YOUR ASSIGNMENT:
Restate every line below word for word, but drop each picture.

SOURCE MATERIAL:

▬▬▬▬▬▬▬▬▬▬

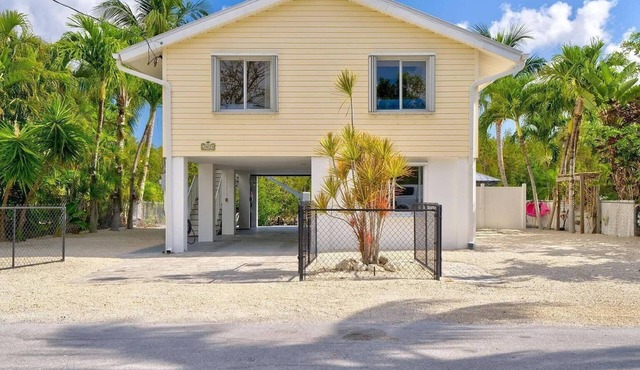 Frigate Landing - Beautiful Waterfront home,60ft seawall,Tiki Hut, Pet Friendly,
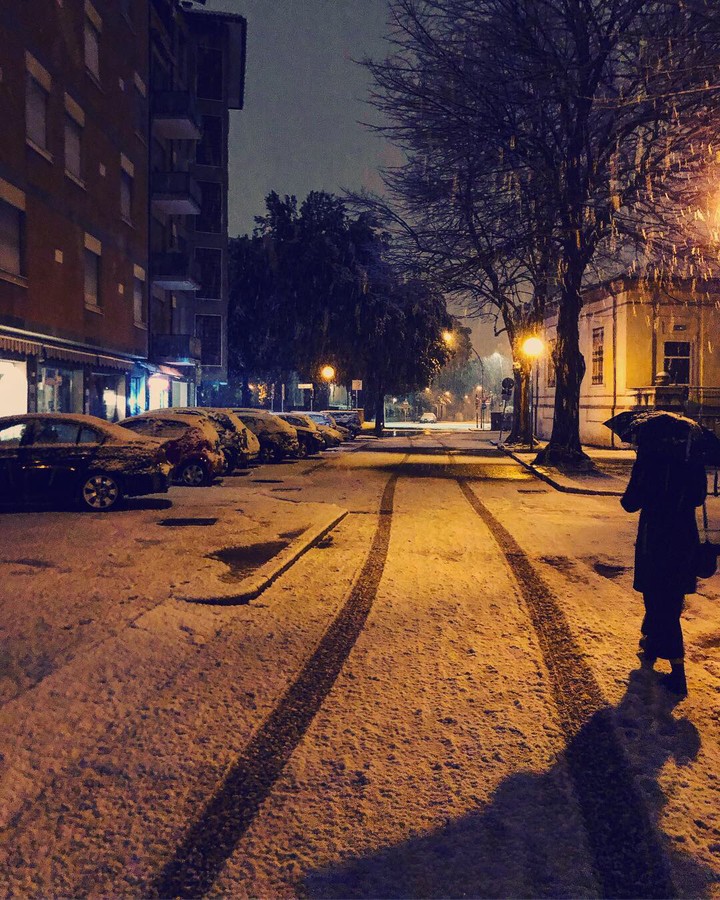Snowing in Italy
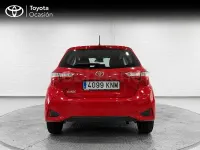 Usado Toyota Yaris Active 111 CV (81 kW) 2018 Rojo Berlina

▬▬▬▬▬▬▬▬▬▬

TASK RESPONSE:
 Frigate Landing - Beautiful Waterfront home,60ft seawall,Tiki Hut, Pet Friendly,
Snowing in Italy
 Usado Toyota Yaris Active 111 CV (81 kW) 2018 Rojo Berlina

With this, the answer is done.